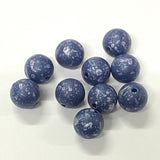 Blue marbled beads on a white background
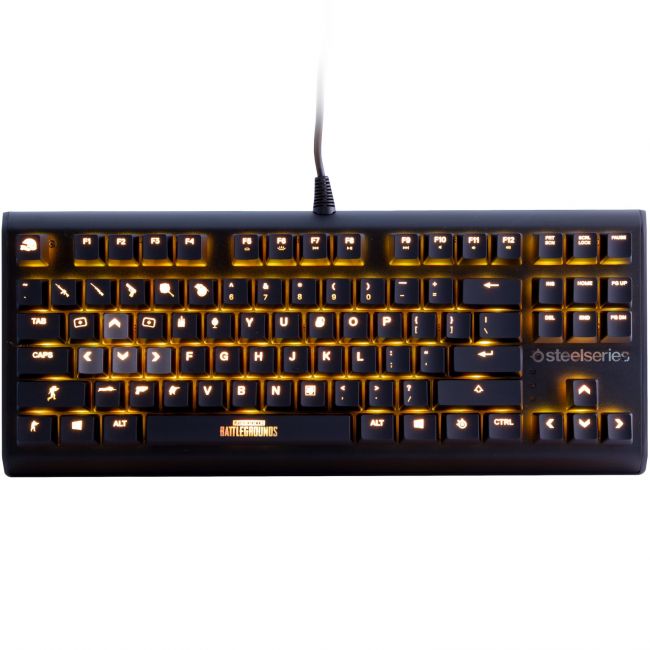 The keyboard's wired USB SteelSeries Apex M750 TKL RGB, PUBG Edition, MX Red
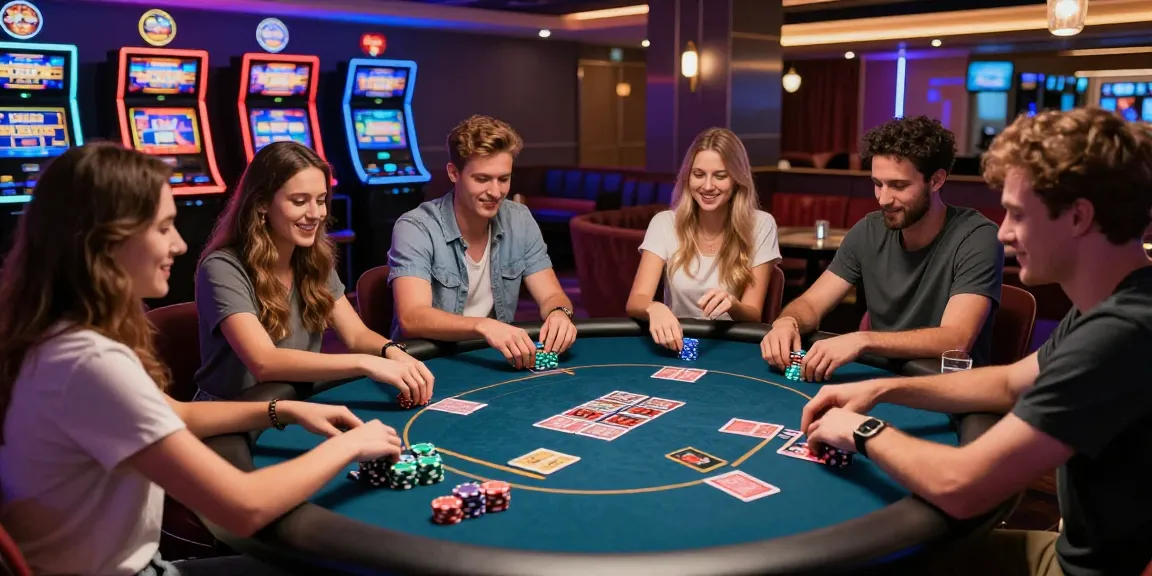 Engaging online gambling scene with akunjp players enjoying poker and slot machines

------------------------

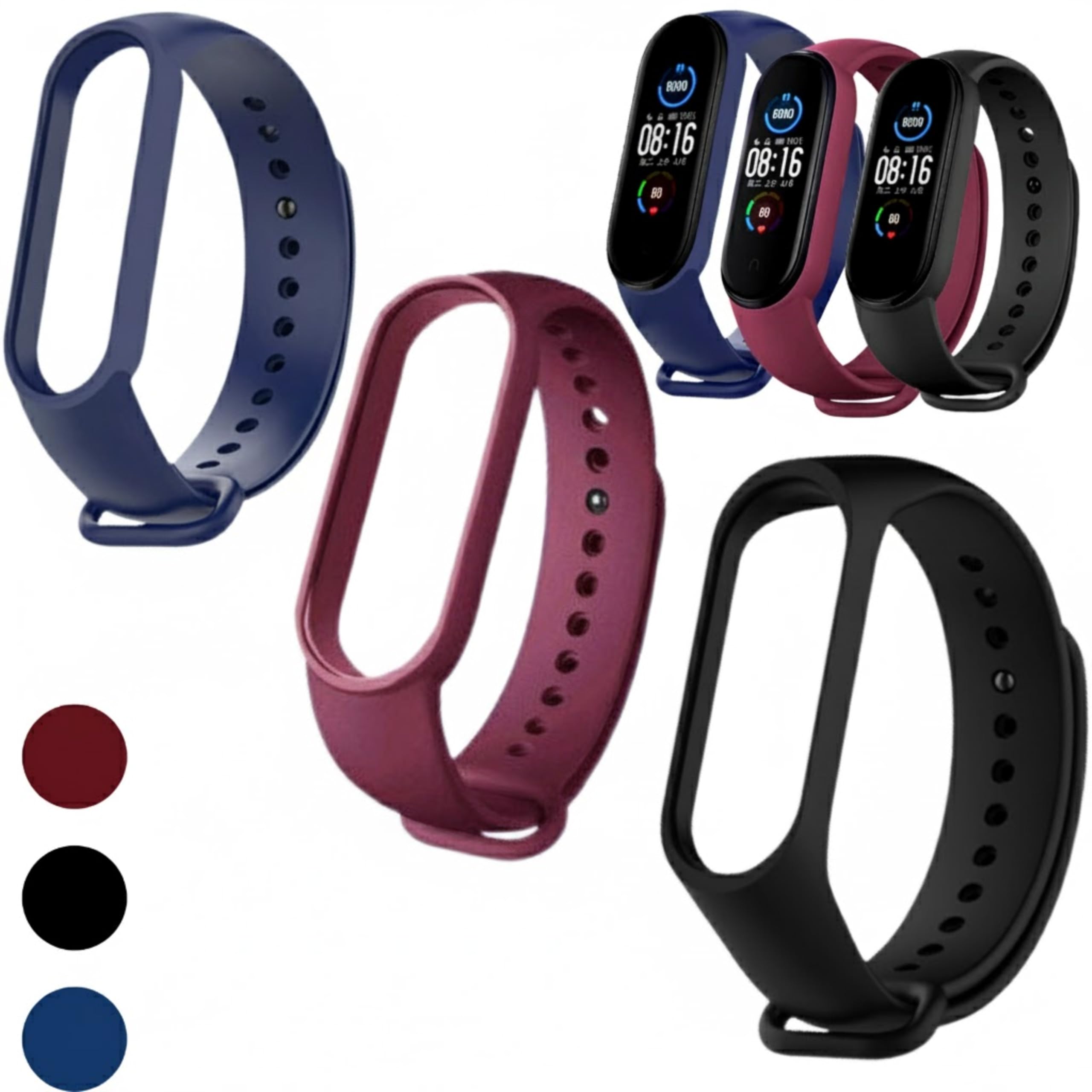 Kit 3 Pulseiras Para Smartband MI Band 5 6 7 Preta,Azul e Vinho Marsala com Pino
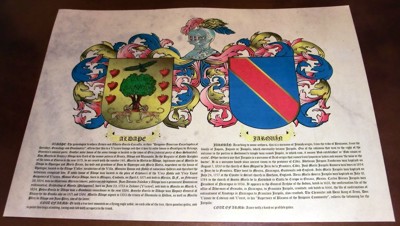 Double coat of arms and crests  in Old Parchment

------------------------

• [PROBLEM DETAILS]:
With the pictures omitted, restate word for word the lines above from the line that has "The keyboard's wired" up to and including the line that has "Engaging online gambling", and no other lines.

• [WRITTEN SOLUTION]:
 The keyboard's wired USB SteelSeries Apex M750 TKL RGB, PUBG Edition, MX Red
 Engaging online gambling scene with akunjp players enjoying poker and slot machines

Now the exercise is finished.